[[ Records provided open ]]

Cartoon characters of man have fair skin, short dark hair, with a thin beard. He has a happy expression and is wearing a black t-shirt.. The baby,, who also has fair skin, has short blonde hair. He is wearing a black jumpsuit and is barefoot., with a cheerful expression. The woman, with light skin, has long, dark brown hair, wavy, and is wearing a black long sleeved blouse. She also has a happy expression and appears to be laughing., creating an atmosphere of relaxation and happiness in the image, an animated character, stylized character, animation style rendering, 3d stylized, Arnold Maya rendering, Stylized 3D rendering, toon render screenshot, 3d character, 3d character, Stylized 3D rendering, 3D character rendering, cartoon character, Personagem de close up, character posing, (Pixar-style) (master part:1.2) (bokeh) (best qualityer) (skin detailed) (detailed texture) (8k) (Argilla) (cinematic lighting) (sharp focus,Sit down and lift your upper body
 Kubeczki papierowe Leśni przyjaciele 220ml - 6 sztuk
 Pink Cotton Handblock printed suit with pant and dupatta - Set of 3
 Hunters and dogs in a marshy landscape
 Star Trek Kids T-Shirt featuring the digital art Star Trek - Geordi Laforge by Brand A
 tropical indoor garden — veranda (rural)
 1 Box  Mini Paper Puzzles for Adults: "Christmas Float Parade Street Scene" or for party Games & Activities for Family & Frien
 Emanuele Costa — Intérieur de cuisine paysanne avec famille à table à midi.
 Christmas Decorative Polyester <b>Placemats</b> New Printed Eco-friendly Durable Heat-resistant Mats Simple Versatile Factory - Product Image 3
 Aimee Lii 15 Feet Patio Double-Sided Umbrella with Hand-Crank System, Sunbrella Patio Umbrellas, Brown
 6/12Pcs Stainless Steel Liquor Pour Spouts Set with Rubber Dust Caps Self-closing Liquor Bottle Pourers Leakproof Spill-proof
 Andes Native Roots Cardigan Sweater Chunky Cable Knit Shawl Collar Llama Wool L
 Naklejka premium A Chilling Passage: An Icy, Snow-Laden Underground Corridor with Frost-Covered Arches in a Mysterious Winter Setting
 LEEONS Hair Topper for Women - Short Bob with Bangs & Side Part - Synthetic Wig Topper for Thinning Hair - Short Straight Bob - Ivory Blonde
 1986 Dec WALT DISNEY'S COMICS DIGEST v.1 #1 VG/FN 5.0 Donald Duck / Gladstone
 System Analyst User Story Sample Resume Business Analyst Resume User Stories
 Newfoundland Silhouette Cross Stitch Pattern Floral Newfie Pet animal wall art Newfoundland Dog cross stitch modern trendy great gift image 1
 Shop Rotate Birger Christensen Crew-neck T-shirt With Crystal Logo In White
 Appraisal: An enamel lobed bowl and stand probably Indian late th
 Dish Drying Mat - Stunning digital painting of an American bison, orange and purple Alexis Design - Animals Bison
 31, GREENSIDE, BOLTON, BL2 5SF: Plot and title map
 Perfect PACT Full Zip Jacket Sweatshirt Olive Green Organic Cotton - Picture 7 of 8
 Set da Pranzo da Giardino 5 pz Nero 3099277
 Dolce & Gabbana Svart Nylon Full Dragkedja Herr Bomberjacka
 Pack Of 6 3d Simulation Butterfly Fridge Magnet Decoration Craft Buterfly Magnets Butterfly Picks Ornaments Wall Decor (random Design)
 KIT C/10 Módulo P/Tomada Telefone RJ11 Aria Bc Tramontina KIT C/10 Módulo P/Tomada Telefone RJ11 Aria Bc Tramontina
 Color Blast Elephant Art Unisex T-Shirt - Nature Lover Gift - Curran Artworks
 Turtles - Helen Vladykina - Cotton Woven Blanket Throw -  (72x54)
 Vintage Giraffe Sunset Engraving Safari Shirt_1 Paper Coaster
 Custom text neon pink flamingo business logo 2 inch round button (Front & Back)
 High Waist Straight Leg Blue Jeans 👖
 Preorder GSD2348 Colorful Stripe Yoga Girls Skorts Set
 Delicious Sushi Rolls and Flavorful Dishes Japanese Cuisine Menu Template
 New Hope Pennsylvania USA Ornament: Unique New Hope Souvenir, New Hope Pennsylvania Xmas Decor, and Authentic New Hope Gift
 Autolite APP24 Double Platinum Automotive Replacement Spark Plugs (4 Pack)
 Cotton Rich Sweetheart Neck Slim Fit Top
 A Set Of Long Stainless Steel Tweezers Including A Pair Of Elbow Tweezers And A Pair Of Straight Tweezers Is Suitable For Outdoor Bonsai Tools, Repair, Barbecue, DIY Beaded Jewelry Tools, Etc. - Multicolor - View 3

[[ Records provided closed ]]

Requirement: What are the lines above that hold the string "Paper"? Copy them.

Answer to the exercise:
 1 Box  Mini Paper Puzzles for Adults: "Christmas Float Parade Street Scene" or for party Games & Activities for Family & Frien
 Vintage Giraffe Sunset Engraving Safari Shirt_1 Paper Coaster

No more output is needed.